Job Summary:
This position is for a Data Scientist responsible for the discovery of knowledge hidden in vast amounts of data and surfacing that knowledge to our customers. Primary focus in data mining techniques, statistical analysis, and building high quality prediction systems, automate scoring using machine learning techniques, build recommendation systems, improve and extend the features of our existing system.
Scope:
- Selecting features, building and optimizing classifiers using machine learning techniques
- Data mining using state-of-the-art methods
- Extending customers data with third party sources of information when needed
- Enhancing data collection procedures to include information that is relevant for building analytic systems and meeting customer requirements
- Processing, cleansing, and verifying the integrity of data used for analysis
- Doing ad-hoc analysis and presenting results in a clear manner
- Creating automated anomaly detection systems and constant tracking of its performance
Skills and Qualifications:
- Excellent understanding of machine learning techniques and algorithms,
- Experience with common data science toolkits, such as R, Weka, NumPy, MatLab, etc.

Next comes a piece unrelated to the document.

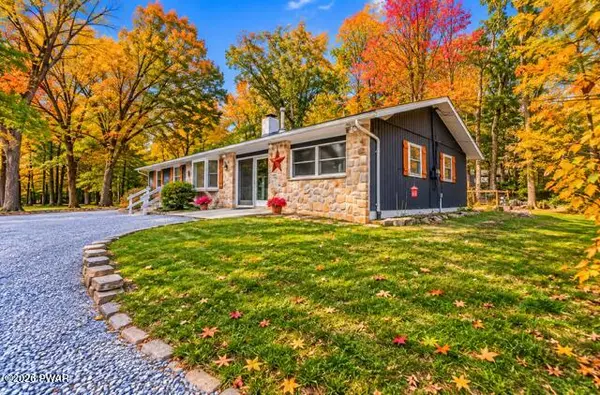800 Kinglet CT, Hawley, PA 18428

- Great communication, written and oral, skills
- Experience with data visualization tools, such as D3.js, GGplot, etc.
- Proficiency in using query languages such as SQL, Hive, Pig, SparQL
- Experience with NoSQL databases, such as MongoDB, Cassandra, HBase
- Good applied statistics skills, such as distributions, statistical testing, regression, etc.
- Good scripting and programming skills; Python, Javascript, JAVA
- Data-oriented personality
- Experience with Spark, Hadoop
- CS degree in related domain